The invention relates further to the use of a wear resistant auxiliary material 4, consisting of steel (C_min.=2.5%) that is alloyed at least with tungsten/chromium (W_min./Cr_min.=4%) and vanadium (V_min.=10%) as a cutting surface 2 of a disc blade T to be used particularly as a rotating cutter blade, such as a slitter blade in a paper machine, the cutting surface being processed from the auxiliary material in powder shaped or wire-shaped state on an attachment surface 3, existing at the outer periphery of a frame part 1; 1′ of the disc blade, the frame part being made of a basic material. In this way it is possible to efficiently minimize the manufacturing costs of a disc blade by making only the cutting surface of the disc blade from a wear resistant, more expensive manufacturing material.

It is clear that the invention is not limited to the embodiment shown or described above, but it can be modified within the basic idea of the invention according to the uses and applications at any given time. Furthermore, the disc blades according to the invention may be applied e.g. to be used also as cutter blades to be used as so called single products.
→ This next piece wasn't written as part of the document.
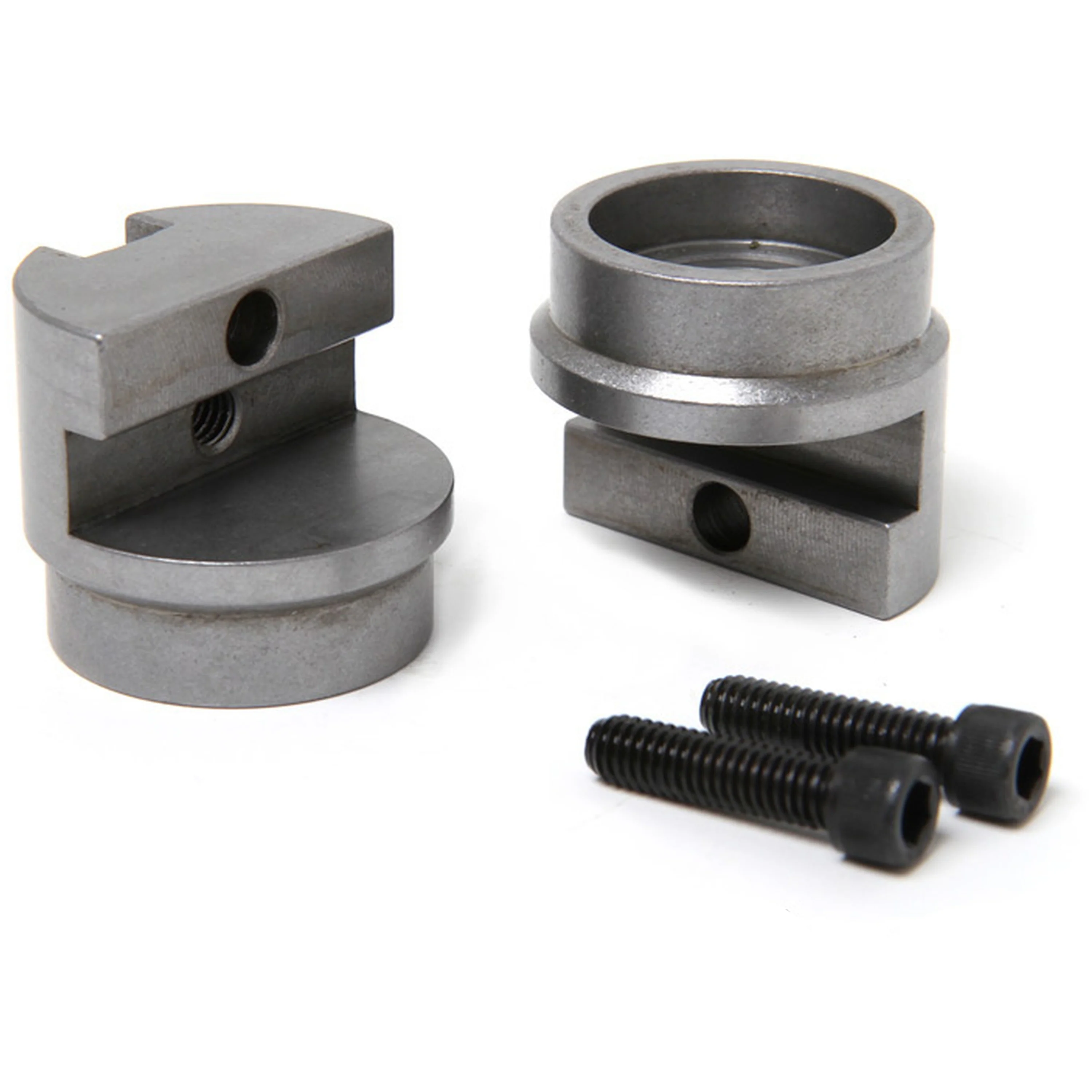 Camburg 2.00" x 0.095" 4130 Billet Tube Clamp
Furthermore, it is possible to form the attachment surface in the frame part angled or arched or the like deviating, from the right-angled shape as shown in FIG. 2.

Claims

1-6. (canceled)

7. A method for manufacturing a cutting blade comprising a rotating disc blade, the method comprising: manufacturing the cutting blade from a blade preform, the blade preform comprising a frame part being made of a less expensive basic material;providing the blade preform with a cutting surface,processing on an attachment surface of the blade preform from at least a wear resistant material layer, the attachment surface being arranged essentially at a cutting area of the cutting blade to be manufactured, the wear resistant material layer comprising steel that is alloyed with tungsten or chromium and vanadium; andmaking the wear resistant material layer from an auxiliary material wire, existing in solid state and being processed on to the attachment surface utilizing an electric arc or by utilizing, laser technique.
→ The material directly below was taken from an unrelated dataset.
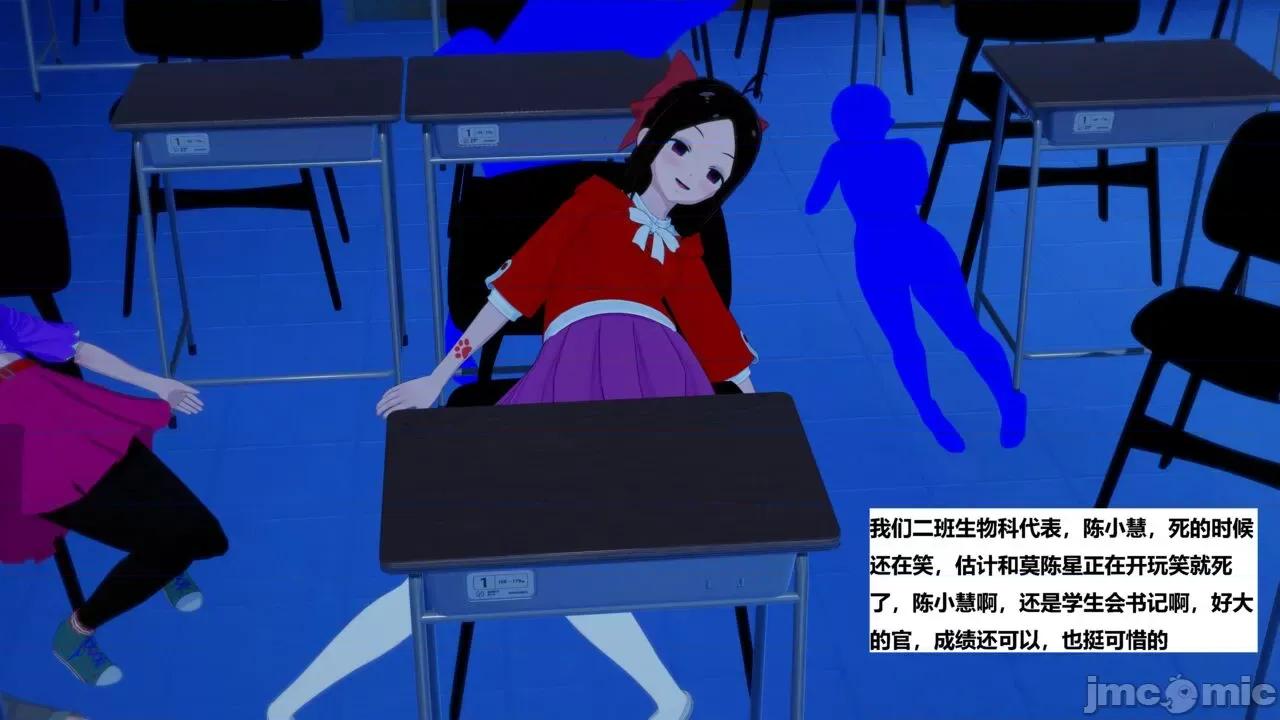 末日奸尸日记 [Sophia] 末日奸尸日记 01-09 第121页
8. The method according to claim 7, wherein the processed material layer is being worked, machined and/or ground to accomplish the cutting surface.

9. The method according to claim 7, wherein as the auxiliary material wire an iron based material is being used, which comprises as least the following substances: V: 16%, W: 6.0%, C: 3.9%, Si: 1.4% and MO: 0.4%.

10. A cutting blade manufactured from a blade preform, the cutting blade comprising: a cutting surface, the blade preform comprising a frame part, being made of a less expensive basic material and having at its outer periphery an attachment surface, onto which there has been processed at least a wear resistant material layer, forming the actual cutting surface and consisting of steel that is alloyed with tungsten or chromium and vanadium, wherein the cutting blade comprises a rotating disc blade.

11. The cutting blade according to claim 10, wherein the cutting blade comprises a slitter blade in a paper machine.

12. The cutting blade according to claim 10, wherein the material layer comprises iron based material, comprising at least the following substances: V: 16%, W: 6.0%, C: 3.9%, Si: 1.4% and MO: 0.4%.